§ DATA FOR REVIEW
────────────────────
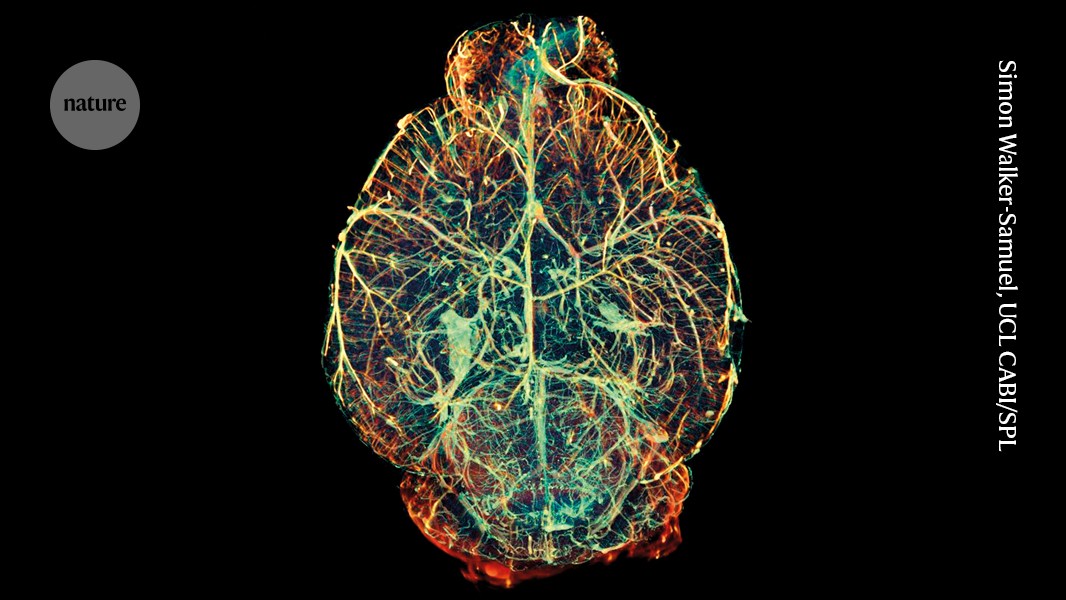 Neurociencia: el cerebro se construiría desde dos linajes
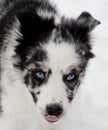 Blue eyed australian shepard in the snow Royalty Free Stock Photo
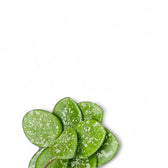 Hoya ‘Mathilde Splash’ – Blattdetail vor weißem Hintergrund..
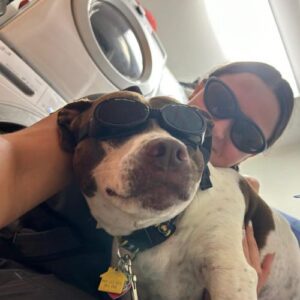 Vet Staff and dog wearing sunglasses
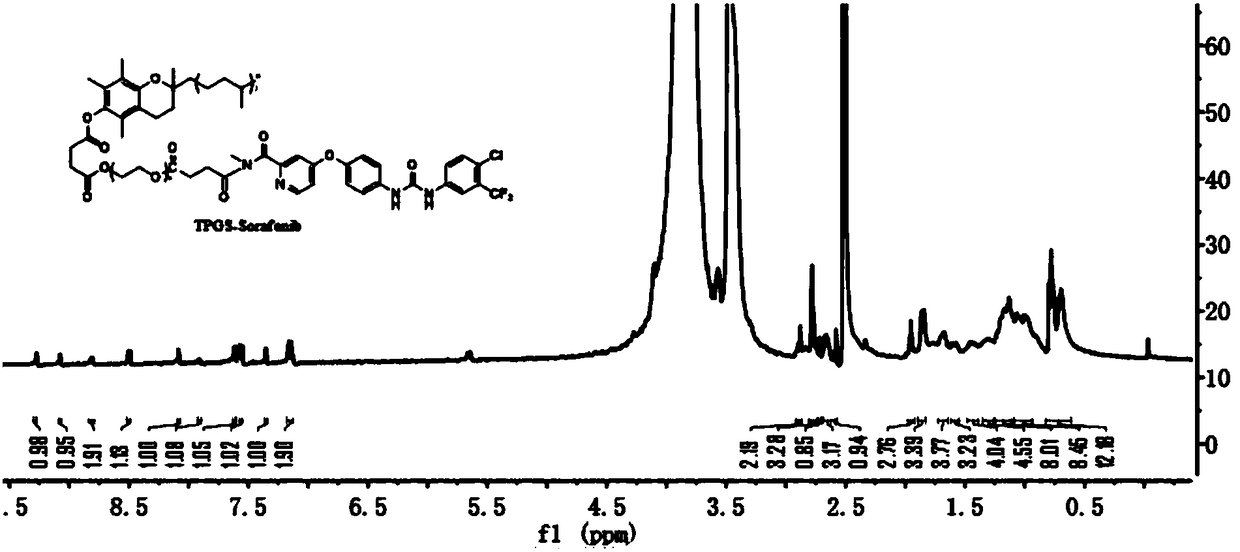 Polymer-drug conjugate and preparation method thereof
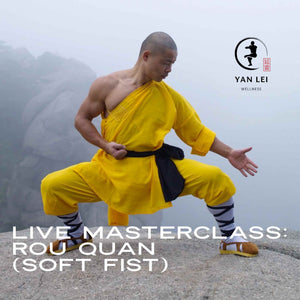 Rou Quan (Soft Fist) - Live Masterclass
────────────────────
§ WHAT YOU NEED TO DO
Your job is to reproduce the material exactly. Keep pictures out of it.

§ WRITTEN RESPONSE
 Neurociencia: el cerebro se construiría desde dos linajes
 Blue eyed australian shepard in the snow Royalty Free Stock Photo
 Hoya ‘Mathilde Splash’ – Blattdetail vor weißem Hintergrund..
 Vet Staff and dog wearing sunglasses
 Polymer-drug conjugate and preparation method thereof
 Rou Quan (Soft Fist) - Live Masterclass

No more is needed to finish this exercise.